Cerebras Reports 3,000 Tokens Per Second Inference on OpenAI gpt-oss-120b Model

SUNNYVALE, Calif. & SAN FRANCISCO — Cerebras Systems today announced inference support for gpt-oss-120B, OpenAI’s first open-weight reasoning model, running at record inference speeds of 3,000 tokens per second on the Cerebras AI Inference Cloud, according to Cerebras.

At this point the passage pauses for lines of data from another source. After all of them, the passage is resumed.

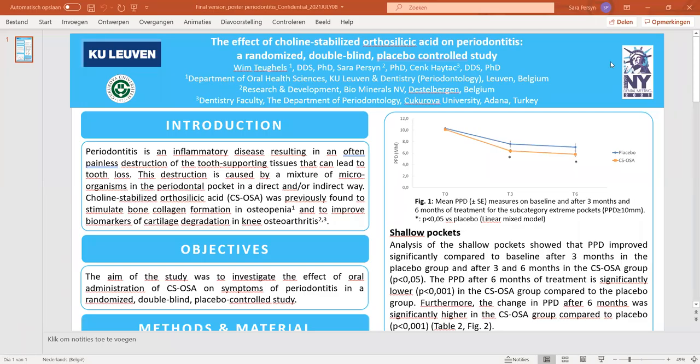The study I would like to present investigated the effect of choline-stabilized orthosilicic acid on periodontitis. Periodontitis is a gum disease characterized by inflammation triggered by microorganisms in the periodontal pocket that causes the destruction of the tooth-supporting tissues and can lead to tooth loss.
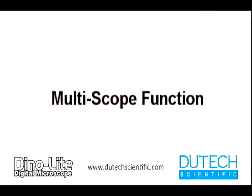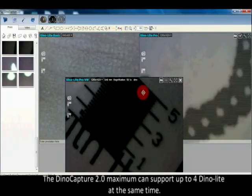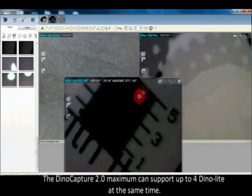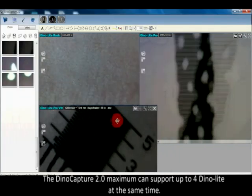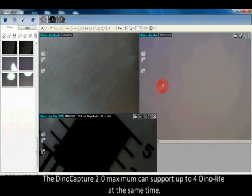Multi-scope function: The DinoCapture 2.0 maximum can support up to 4 DinoLite devices at the same time.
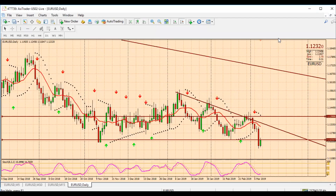Good evening guys, hope everyone had a great weekend. I'm doing a weekly analysis for the 10th of March 2019. Let's see what is actually happening with the pairs that I usually trade. Euro USD is one of them, so let's start with Euro USD on the daily.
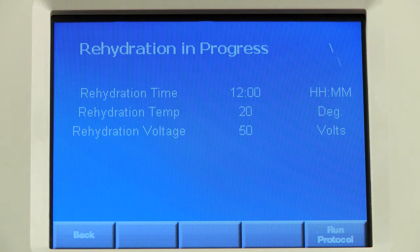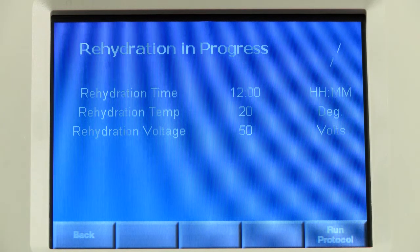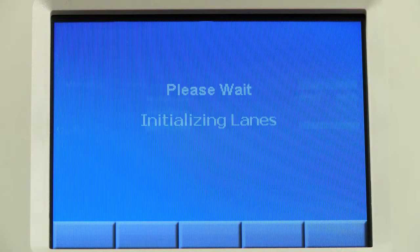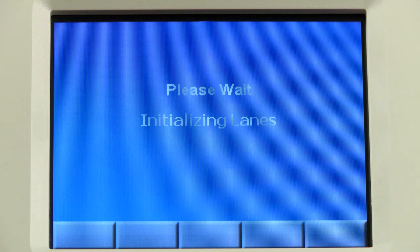If you have chosen to program a rehydration step, you will see the Rehydration in Progress screen. You can press Run Protocol to go straight to the Focusing step.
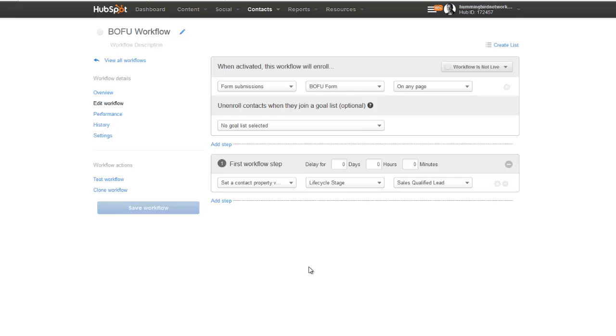And that is how to create your workflows for your inbound marketing campaign framework. Stay tuned for the next video where we're going to show you how to actually create those landing pages for your offers. I'll see you in the next video — thanks for watching.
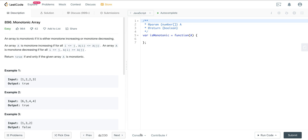What's going on, everyone? So today we are looking at LeetCode number 896, a question called Monotonic Array. Let's take a look at the prompt here.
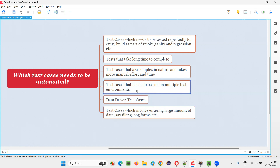Then test cases that need to be run on multiple test environments also need to be automated. These days there are a lot of browsers, a lot of operating systems, and a lot of other things. A combination of things makes up a particular environment. For example, if you're testing a web application, you may choose Windows 11 with a Chrome browser version, or Mac OS with a Safari browser version. The same test case needs to be run on Windows, Mac, and different browsers — or in mobile testing, on many mobile devices. Such test cases which need to be done on multiple test environments need to be automated.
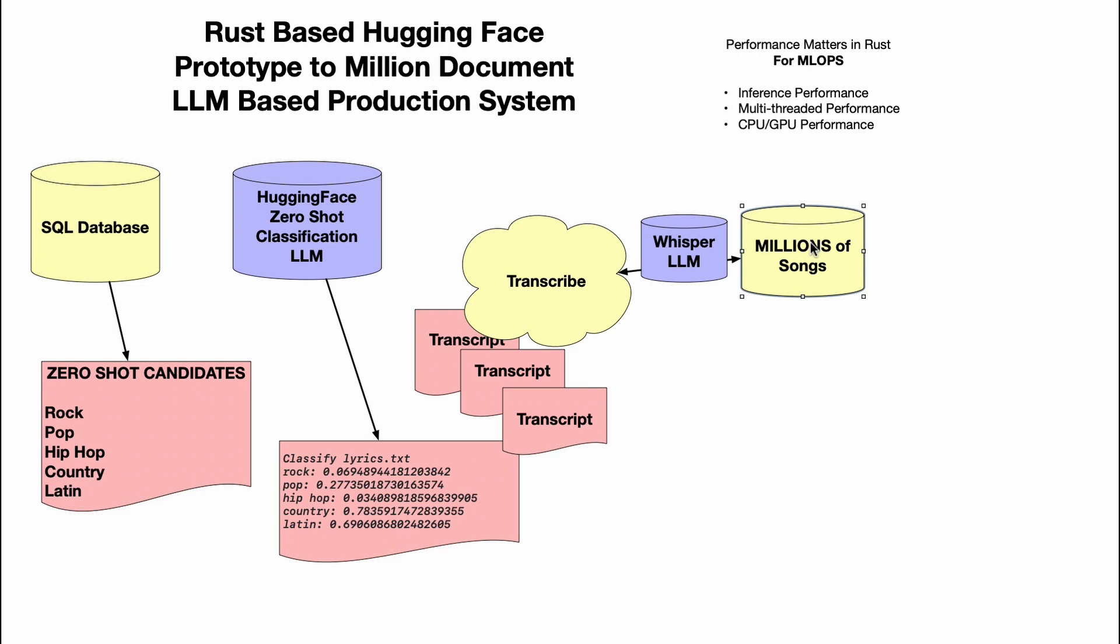Rust has amazing performance for multi-threaded code. If you wanted to crawl the file system, look at all the different songs there, and transcribe them in an extremely memory efficient and computationally efficient way, this is the way you do that. Once you get those transcripts, you could pass that into the Rust bindings for Hugging Face and do a zero shot classification. You could potentially put that back inside of the SQL database. This is a very real world production system. Let's go and get started.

This is the first time an OpenAI model leverages Cerebras’ wafer-scale AI infrastructure to run full-model inference. Cerebras said gpt-oss-120B can be accessed on the Cerebras Cloud with a free API key (cerebras.ai/openai).

Built for math, science and code, this 120B-parameter model is on par with top proprietary models like Gemini 2.5 Flash and Claude Opus 4, Cerebras said.

“By eliminating GPU memory bandwidth bottlenecks and communication overhead, Cerebras wafer-scale AI inference delivered a world-record 3,000 tokens per second output speed — a major advance in responsiveness for high-intelligence AI,” the company said. This performance will enable organizations to use Cerebras-powered gpt-oss-120B to build live coding assistants, instant large document Q&A and summarization, and fast agentic research chains, according to Cerebras, which added that “high-intelligence AI reasoning use cases have long wait times on proprietary models running on GPUs – that lag is now dramatically reduced with gpt-oss-120B on Cerebras.”

“OpenAI’s open-weight reasoning model release is a defining moment for the AI community,” said Andrew Feldman, CEO and co-founder of Cerebras. “With gpt-oss-120B, we’re not just breaking speed records—we’re redefining what’s possible. OpenAI on Cerebras delivers frontier intelligence with blistering performance, lower cost, full openness, and plug-and-play ease of use. It’s the ultimate AI platform: smart, fast, affordable, easy to use, and fully open.”

Developers can swap their existing OpenAI endpoints for Cerebras in 15 seconds without refactoring or migration headaches.

The open-weight Apache 2.0 license from OpenAI gives users the ability to fine-tune for their domain, deploy on-prem for sensitive or regulated data, or move freely across clouds.

“Our open models let developers—from solo builders to large enterprise teams—run and customize AI on their own infrastructure, unlocking new possibilities across industries and use cases,” said Dmitry Pimenov, product lead at OpenAI. “Through deployment partners like Cerebras, we’re together able to provide powerful, flexible tools that make it easier than ever to build, innovate, and scale.”